Trevelyan slept for two hours—heavily, exhaustively; then Mackenzie woke him.
"Come," he said, briefly, "Stewart's worse."
Trevelyan sat up on the lounge and flung back his head; through his being thrilled the old lost defiance; the old lost strength. He went into Stewart's room and sat down by the bed.
The long hours crept away and the still shadows of night gathered, and through the hours and the shadows Mackenzie and Trevelyan watched. Stewart continued to sink.
At midnight, Mackenzie went over to the window, turning his back on the bed and Trevelyan.
There was no hope—but Trevelyan wouldn't believe it! Stewart was dying, and Trevelyan obstinately refused to relinquish the fight. Trevelyan didn't know when he was beaten. And Mackenzie, grown prematurely gray in the service of life against death, wondered all over again why human strength is so weak when waged against the great, mute Force of the world.
Trevelyan sat rigid; and he gathered all the strength of his life and his love; and that imperishable part that had been crushed by his crime, but not destroyed, and turned them to the conquering of this hour, and that grim Presence that was drawing nearer.
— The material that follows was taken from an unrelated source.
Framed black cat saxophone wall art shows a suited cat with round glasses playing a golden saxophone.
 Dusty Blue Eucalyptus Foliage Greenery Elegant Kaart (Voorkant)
He had ceased to think of himself and the future for the first time since he had fallen. If it ever once occurred to him, he regarded it vaguely and indifferently. To-morrow, he would wake up to the living death that lay before him, but for the present, he had no thought beyond the still, motionless form stretched on the bed. He concentrated all his passion, all his will strength, and massed them together, as a breastwork, around Stewart's ebbing life.
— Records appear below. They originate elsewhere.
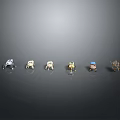 Cartoon Game And Movie Character Figurines With Various Designs Arranged On Dark Gradient Background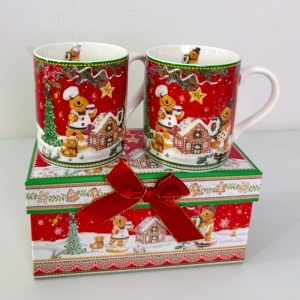 Set 2 cani din ceramica, Gingerbread House, ambalate in cutie cadou eleganta, 150 ml, Rosu - Img 5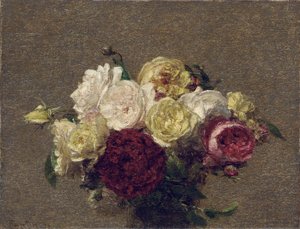 Bukiet Róż, 1879 autorstwa Ignace Henri Jean Fantin Latour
The grasp of the hand that was clasping his grew weaker.
Trevelyan did not think to call Mackenzie. He had forgotten he was over there by the window; that they three, Stewart and Death and he, Trevelyan, were not alone together. He forced stimulant between Stewart's blue lips. And then he went in search of Stewart's ebbing life, as a swimmer goes down into the depths to bring forth a living man, drowning.